Some common reasons women are raped and killed are indecent dressing and moving late in the night. Women should understand that the streets are not safe. They should bury themselves in layers of clothes that clean the streets better than LAWMA. As our Yoruba elders say, a responsible child should not move late in the night. We are not wiser than our elders, so every reasonable lady must have a reasonable curfew.

We must take precautions to avoid getting caught up in risky situations. However, Hiny Humoren (Iniobiong Umoren) did better than anyone of us would do. She notified her friends and families about where she was going. She had her location turned on through the time. Her friend got updates about her movement and was in touch till anyone last heard of her. She was dressed for a job interview – not “indecently”. Did these prevent her from getting raped, murdered in cold blood, and buried in a shallow grave?

The Human Rights Watch describes Nigeria as one country where violence against women is pervasive. NOIPolls in 2019 reported that one in three ladies would have experienced a form of sexual assault before their 25th birthday. This is just one of the various forms of violence against women, some of which are promoted under the guise of culture and religion. The Tiv people, for example, believe a man only beats a woman as a sign of love. “God when?” to them has to be a talented wife beater.

The repression, associated stigmatization, and “because of the children” have made most of these violent experiences go unreported. Societies put more effort into protecting the culprits in the name of comradeship, and that, deliberately at the expense of the victim. An easy example is the case of Senator Elisha Abbo. According to Section 351 of the Criminal Code, “Any person who unlawfully assaults another is guilty of a misdemeanour, and is liable to, if no greater punishment is provided, to imprisonment for one year”.

Today, we understand Hiny’s story because there was an Umoh Uduak that was in touch. Otherwise, the storyline would have been different. The streets would have been quick to call her greedy “women of nowadays” or a vagabond who would works under the night’s cover.

The mere thought of this happening during daylight is enough to send cold chills down anyone’s spine. Even worse, it is whilst we still boil and brood over the news of a paedophilic Baba Ijesha raping a 7-year-old about 7 years ago. We know the story of that (now 14-year-old) girl because of Iyabo Ojo and those cringy irking videos.

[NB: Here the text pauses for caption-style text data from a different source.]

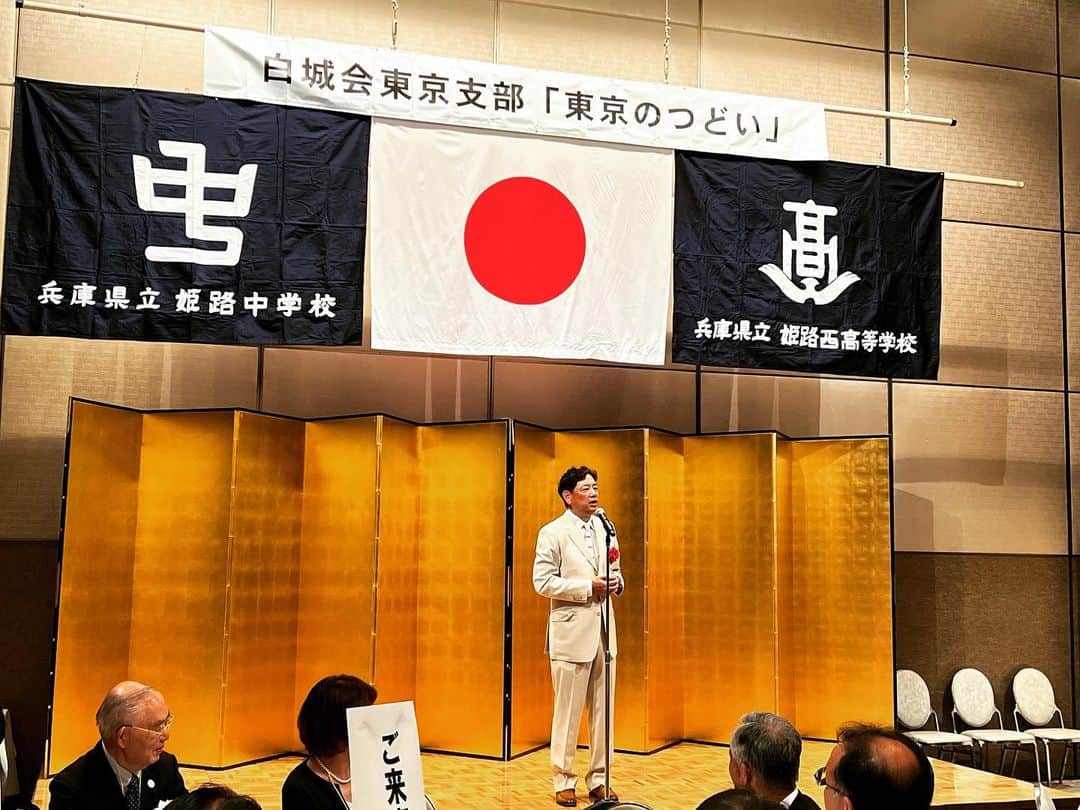 吉田正樹のインスタグラム：「母校の同窓会で乾杯」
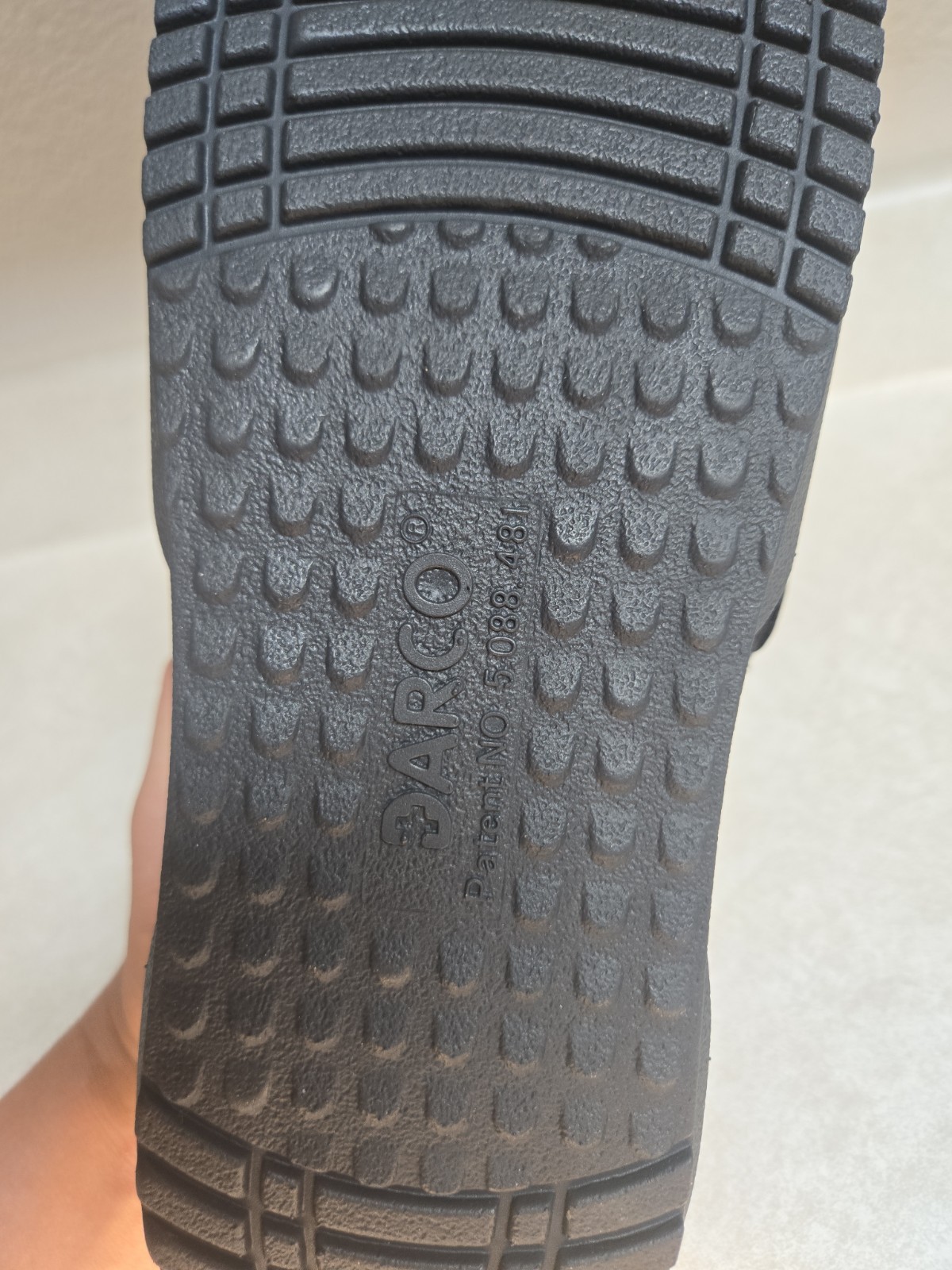 New Open Box Braceability Closed Toe Medical Walking Shoe Medium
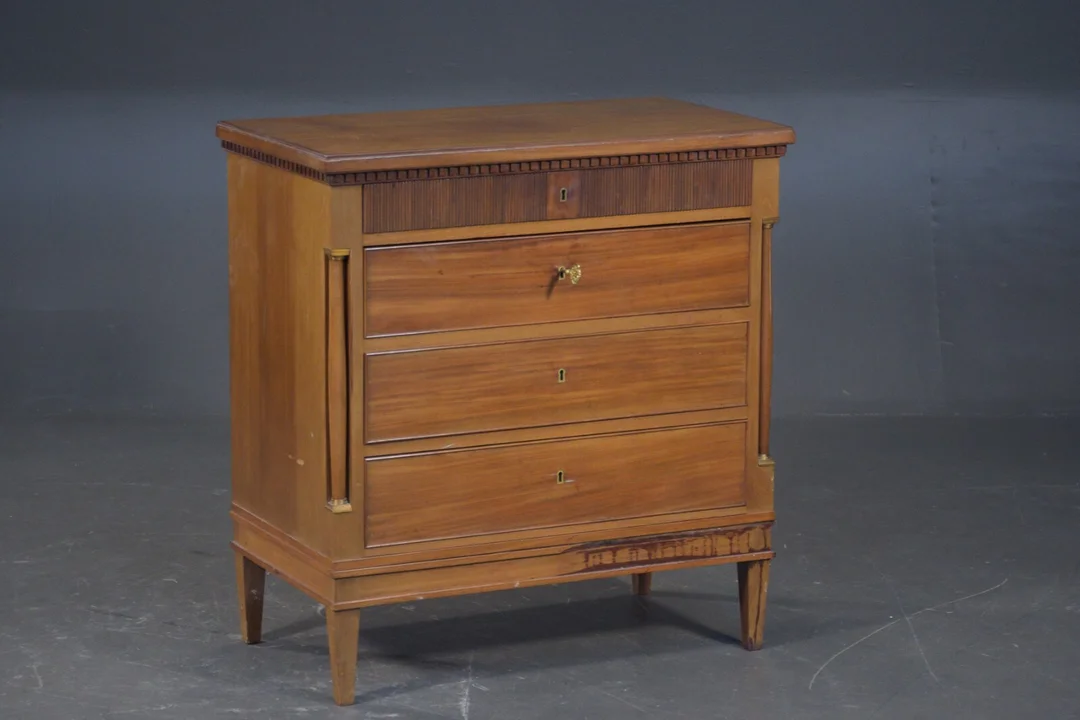 Kommode af mahogni, Louis XVI — Furniture/Cabinets, chests of drawers — Lauritz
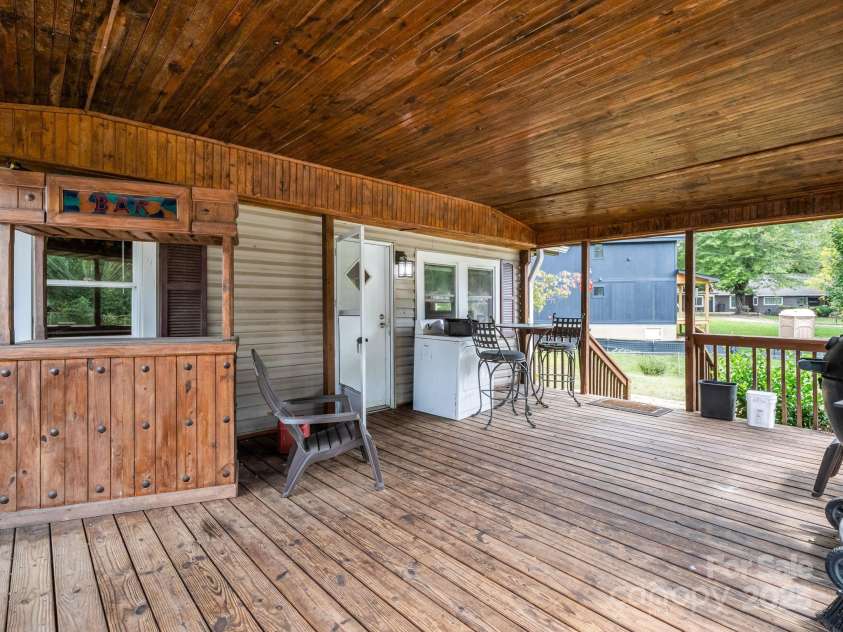 1761 Old Haywood Road, Asheville, NC 28806.  MLS# CAR4307370, YatesRealty ID 201. 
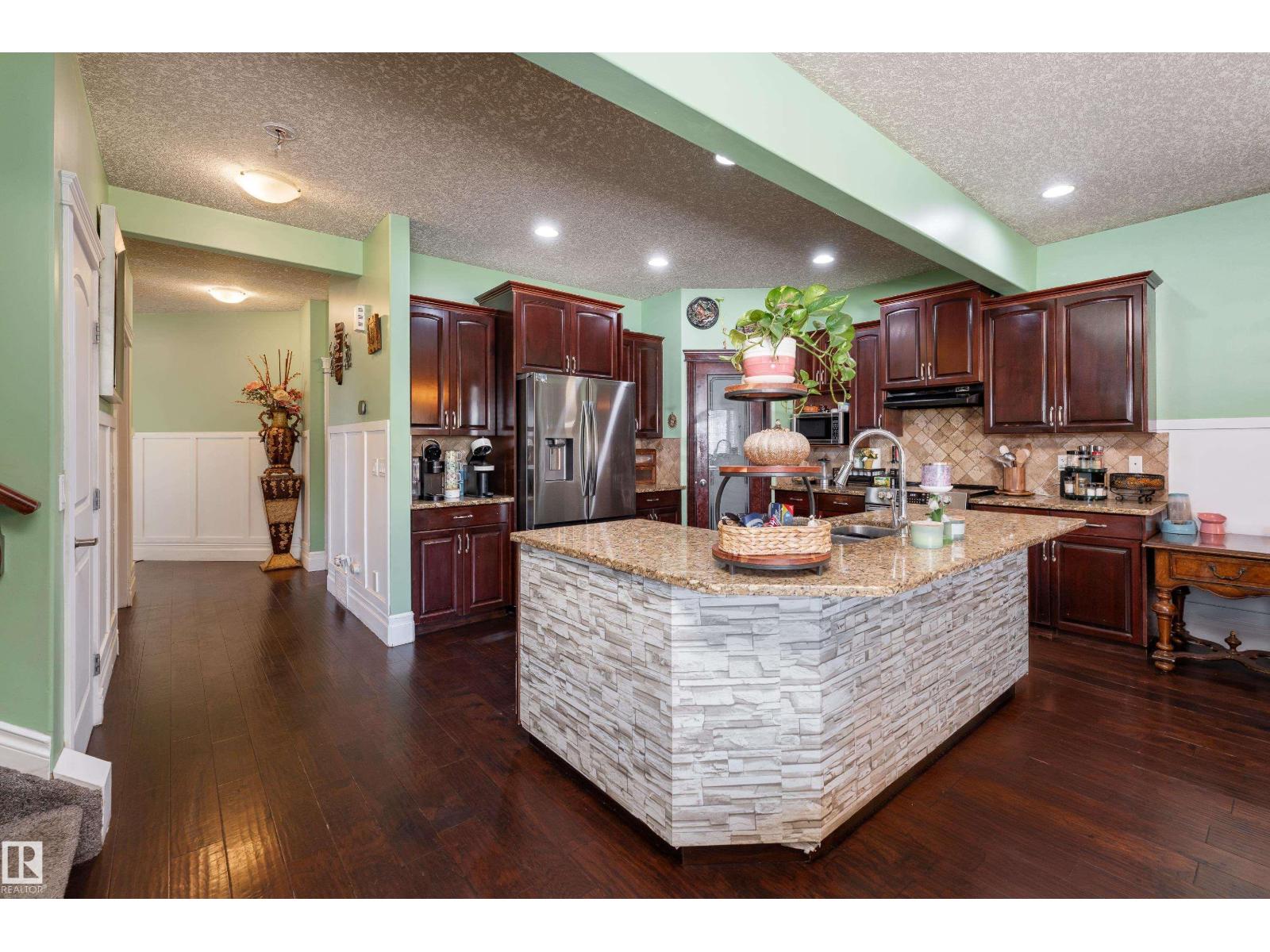 16613 58a St Nw Property Photo 4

Otherwise, people would have been asking – what was she wearing? Why was she alone with him? Where was she?

These two gory cases should put to rest the ugly habit of victim shaming. A child was sexually abused in her guardian’s home. A young lady was raped, murdered, and buried in a shallow grave while job hunting. Next, we should talk about all this country did wrong. But, if you agree with the opening paragraph of the editorial, what did Hinny Humoren do wrong?